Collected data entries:
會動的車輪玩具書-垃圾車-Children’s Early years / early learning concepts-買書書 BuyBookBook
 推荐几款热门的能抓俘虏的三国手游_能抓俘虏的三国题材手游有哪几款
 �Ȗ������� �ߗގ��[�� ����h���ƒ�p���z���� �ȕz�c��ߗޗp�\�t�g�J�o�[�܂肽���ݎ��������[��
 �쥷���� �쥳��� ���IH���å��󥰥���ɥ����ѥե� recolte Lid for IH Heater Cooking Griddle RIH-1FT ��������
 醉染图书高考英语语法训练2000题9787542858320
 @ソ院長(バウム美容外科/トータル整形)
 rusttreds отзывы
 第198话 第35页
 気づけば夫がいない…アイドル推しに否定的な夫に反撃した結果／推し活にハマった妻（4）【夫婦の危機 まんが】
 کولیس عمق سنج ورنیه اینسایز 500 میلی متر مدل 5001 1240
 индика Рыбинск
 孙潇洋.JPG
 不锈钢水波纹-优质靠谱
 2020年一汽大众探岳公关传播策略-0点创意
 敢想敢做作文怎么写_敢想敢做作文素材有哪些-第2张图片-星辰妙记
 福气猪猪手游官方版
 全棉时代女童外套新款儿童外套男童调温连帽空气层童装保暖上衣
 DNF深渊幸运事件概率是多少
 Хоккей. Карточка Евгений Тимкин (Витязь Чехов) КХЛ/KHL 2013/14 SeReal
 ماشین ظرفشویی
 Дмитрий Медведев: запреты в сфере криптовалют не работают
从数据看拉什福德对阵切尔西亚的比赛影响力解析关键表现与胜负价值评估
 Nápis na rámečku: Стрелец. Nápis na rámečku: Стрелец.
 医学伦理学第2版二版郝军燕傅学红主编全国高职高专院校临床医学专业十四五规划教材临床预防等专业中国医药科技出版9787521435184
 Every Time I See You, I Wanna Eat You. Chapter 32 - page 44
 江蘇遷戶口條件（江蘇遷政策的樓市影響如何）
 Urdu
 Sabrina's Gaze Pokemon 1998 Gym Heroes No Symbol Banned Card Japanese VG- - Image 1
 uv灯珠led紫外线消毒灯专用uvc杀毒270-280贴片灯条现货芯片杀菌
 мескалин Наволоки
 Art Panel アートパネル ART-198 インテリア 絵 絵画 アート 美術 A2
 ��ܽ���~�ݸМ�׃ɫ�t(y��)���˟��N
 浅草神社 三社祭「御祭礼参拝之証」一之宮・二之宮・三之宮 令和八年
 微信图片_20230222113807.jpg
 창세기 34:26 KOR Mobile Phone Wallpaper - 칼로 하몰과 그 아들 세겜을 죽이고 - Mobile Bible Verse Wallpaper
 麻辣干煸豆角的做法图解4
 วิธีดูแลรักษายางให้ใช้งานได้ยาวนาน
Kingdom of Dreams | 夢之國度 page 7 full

** Task description **
Every entry above needs to be written out again exactly.

** Solution **
會動的車輪玩具書-垃圾車-Children’s Early years / early learning concepts-買書書 BuyBookBook
 推荐几款热门的能抓俘虏的三国手游_能抓俘虏的三国题材手游有哪几款
 �Ȗ������� �ߗގ��[�� ����h���ƒ�p���z���� �ȕz�c��ߗޗp�\�t�g�J�o�[�܂肽���ݎ��������[��
 �쥷���� �쥳��� ���IH���å��󥰥���ɥ����ѥե� recolte Lid for IH Heater Cooking Griddle RIH-1FT ��������
 醉染图书高考英语语法训练2000题9787542858320
 @ソ院長(バウム美容外科/トータル整形)
 rusttreds отзывы
 第198话 第35页
 気づけば夫がいない…アイドル推しに否定的な夫に反撃した結果／推し活にハマった妻（4）【夫婦の危機 まんが】
 کولیس عمق سنج ورنیه اینسایز 500 میلی متر مدل 5001 1240
 индика Рыбинск
 孙潇洋.JPG
 不锈钢水波纹-优质靠谱
 2020年一汽大众探岳公关传播策略-0点创意
 敢想敢做作文怎么写_敢想敢做作文素材有哪些-第2张图片-星辰妙记
 福气猪猪手游官方版
 全棉时代女童外套新款儿童外套男童调温连帽空气层童装保暖上衣
 DNF深渊幸运事件概率是多少
 Хоккей. Карточка Евгений Тимкин (Витязь Чехов) КХЛ/KHL 2013/14 SeReal
 ماشین ظرفشویی
 Дмитрий Медведев: запреты в сфере криптовалют не работают
从数据看拉什福德对阵切尔西亚的比赛影响力解析关键表现与胜负价值评估
 Nápis na rámečku: Стрелец. Nápis na rámečku: Стрелец.
 医学伦理学第2版二版郝军燕傅学红主编全国高职高专院校临床医学专业十四五规划教材临床预防等专业中国医药科技出版9787521435184
 Every Time I See You, I Wanna Eat You. Chapter 32 - page 44
 江蘇遷戶口條件（江蘇遷政策的樓市影響如何）
 Urdu
 Sabrina's Gaze Pokemon 1998 Gym Heroes No Symbol Banned Card Japanese VG- - Image 1
 uv灯珠led紫外线消毒灯专用uvc杀毒270-280贴片灯条现货芯片杀菌
 мескалин Наволоки
 Art Panel アートパネル ART-198 インテリア 絵 絵画 アート 美術 A2
 ��ܽ���~�ݸМ�׃ɫ�t(y��)���˟��N
 浅草神社 三社祭「御祭礼参拝之証」一之宮・二之宮・三之宮 令和八年
 微信图片_20230222113807.jpg
 창세기 34:26 KOR Mobile Phone Wallpaper - 칼로 하몰과 그 아들 세겜을 죽이고 - Mobile Bible Verse Wallpaper
 麻辣干煸豆角的做法图解4
 วิธีดูแลรักษายางให้ใช้งานได้ยาวนาน
Kingdom of Dreams | 夢之國度 page 7 full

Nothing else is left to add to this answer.